### TASK DESCRIPTION
Could you retype exactly the lines below between the one holding "MAKITA EB5300TH - Assembling" and the one holding "Louis Vuitton Alma Handbag Epi Leather PM", inclusive, leaving out any pictures?

### SUPPLIED RECORDS
· · ·
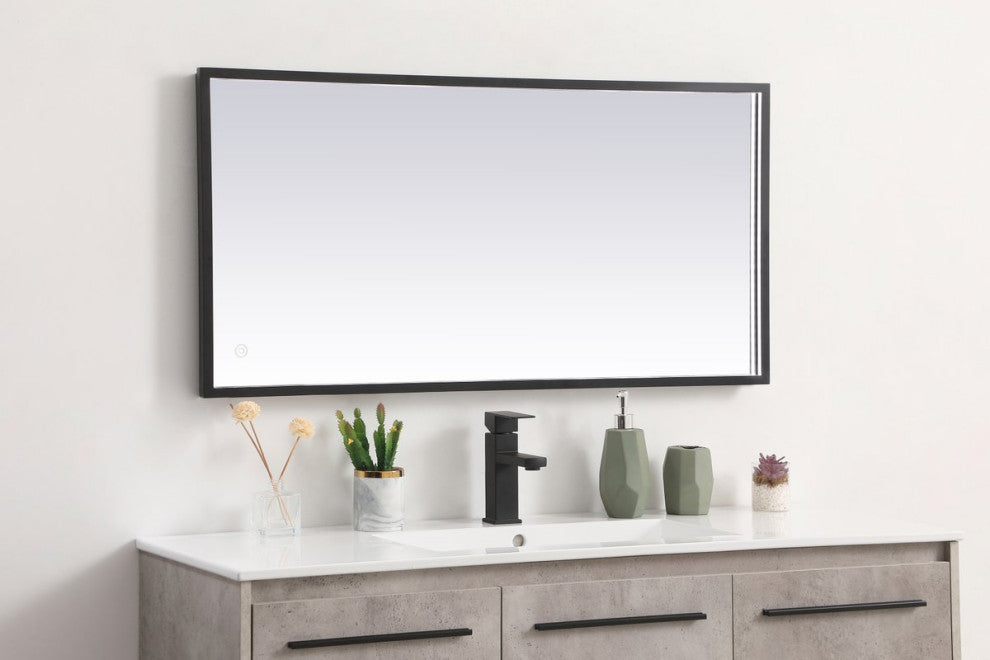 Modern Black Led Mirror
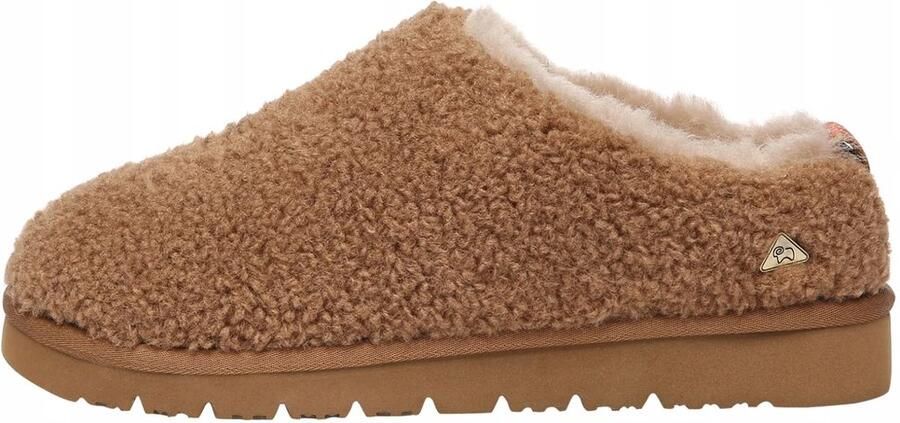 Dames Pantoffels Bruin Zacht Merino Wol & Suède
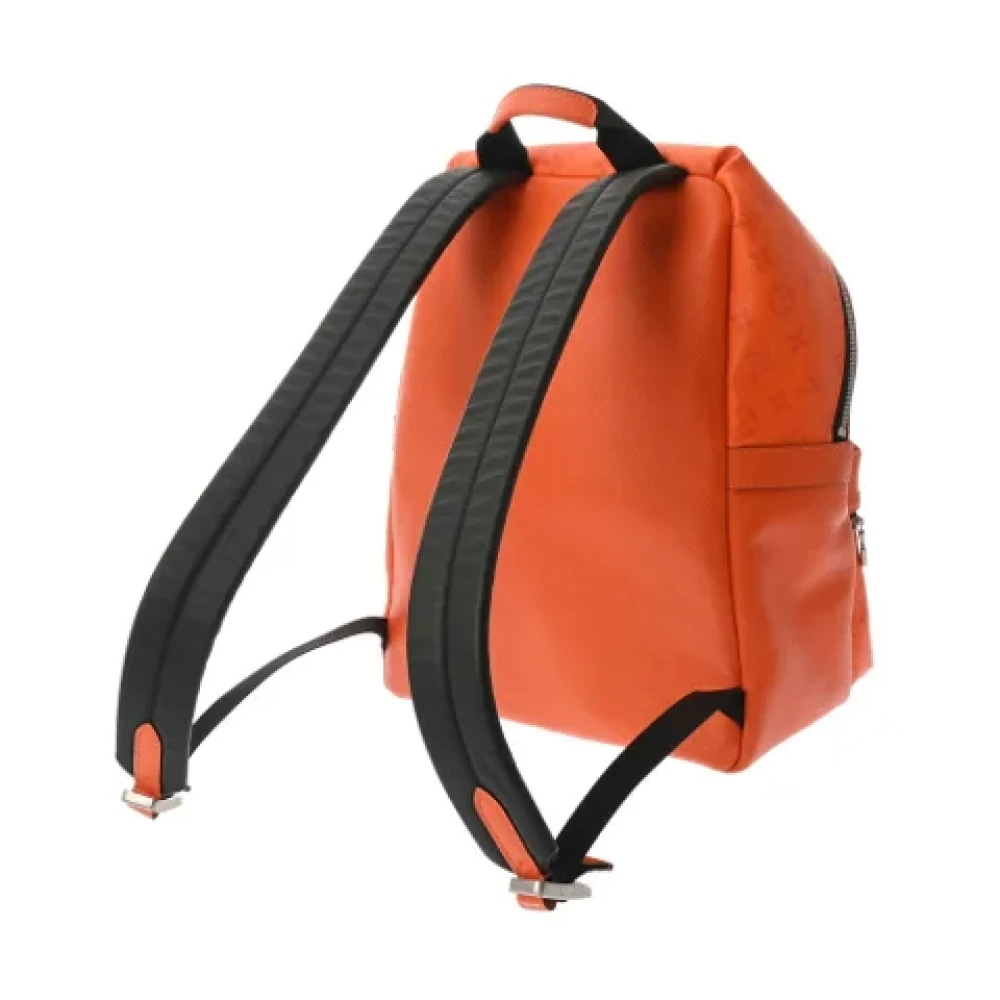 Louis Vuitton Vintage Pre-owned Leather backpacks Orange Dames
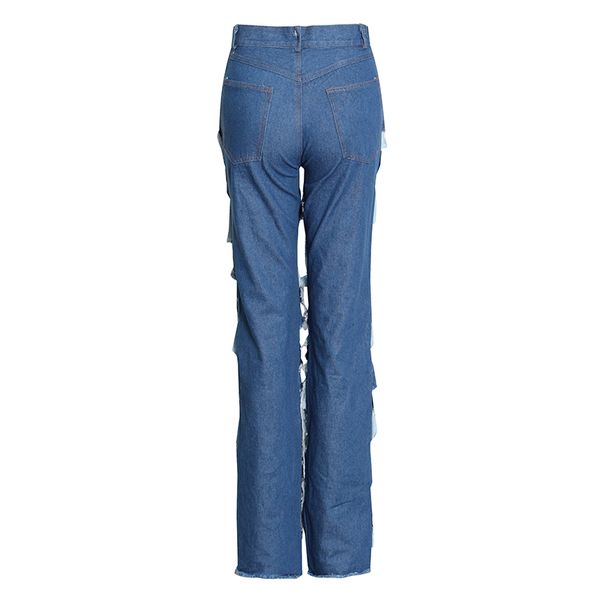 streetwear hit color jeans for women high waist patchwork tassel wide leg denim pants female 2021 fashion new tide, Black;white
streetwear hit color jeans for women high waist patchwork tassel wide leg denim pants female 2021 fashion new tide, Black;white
· · ·
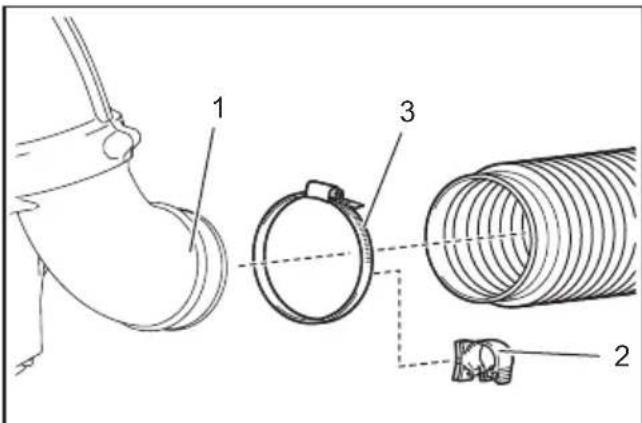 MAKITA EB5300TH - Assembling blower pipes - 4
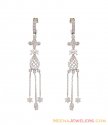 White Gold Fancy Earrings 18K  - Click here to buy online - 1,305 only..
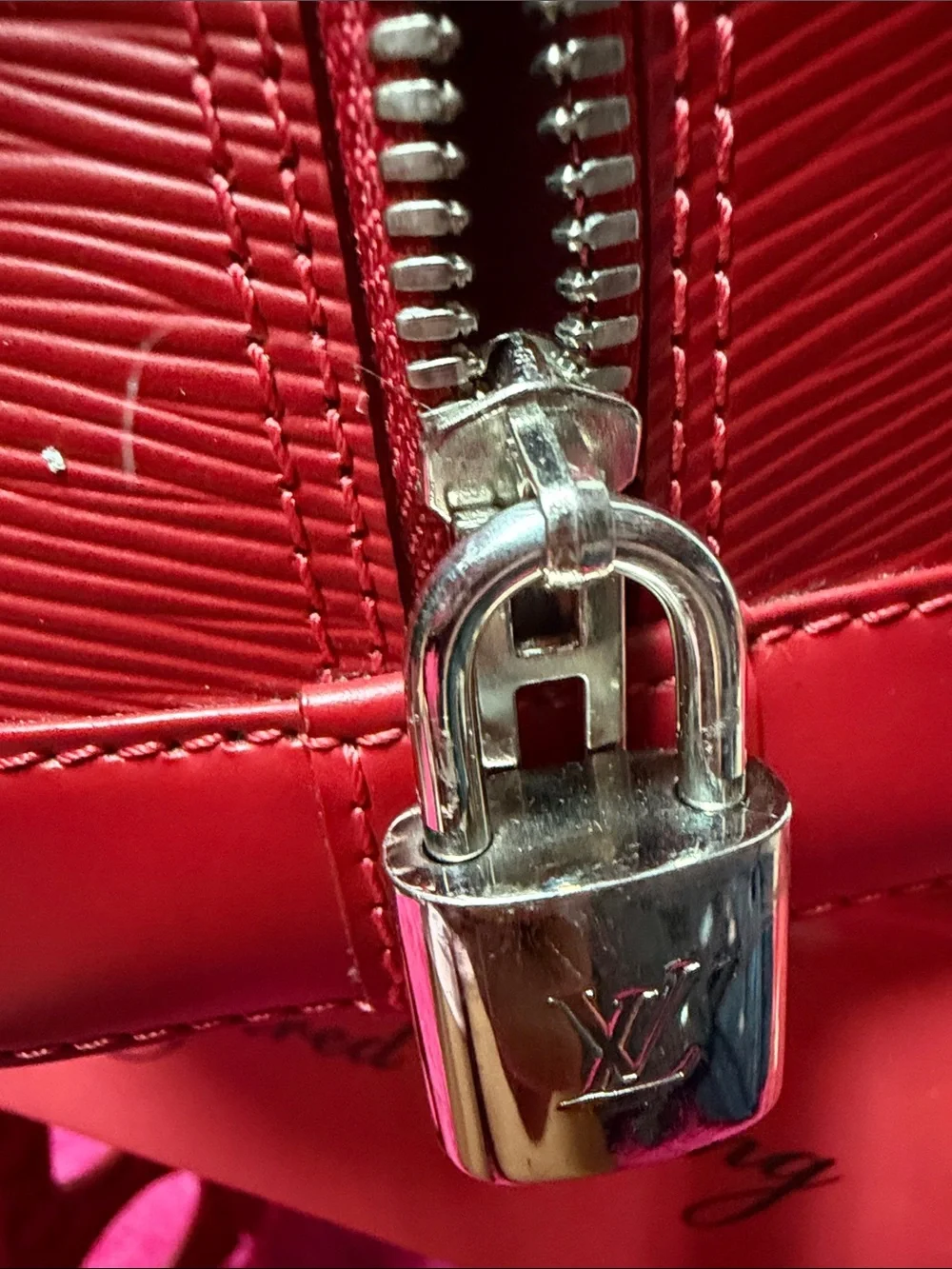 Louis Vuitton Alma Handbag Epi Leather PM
· · ·
### OUTPUT BELOW
 MAKITA EB5300TH - Assembling blower pipes - 4
 White Gold Fancy Earrings 18K  - Click here to buy online - 1,305 only..
 Louis Vuitton Alma Handbag Epi Leather PM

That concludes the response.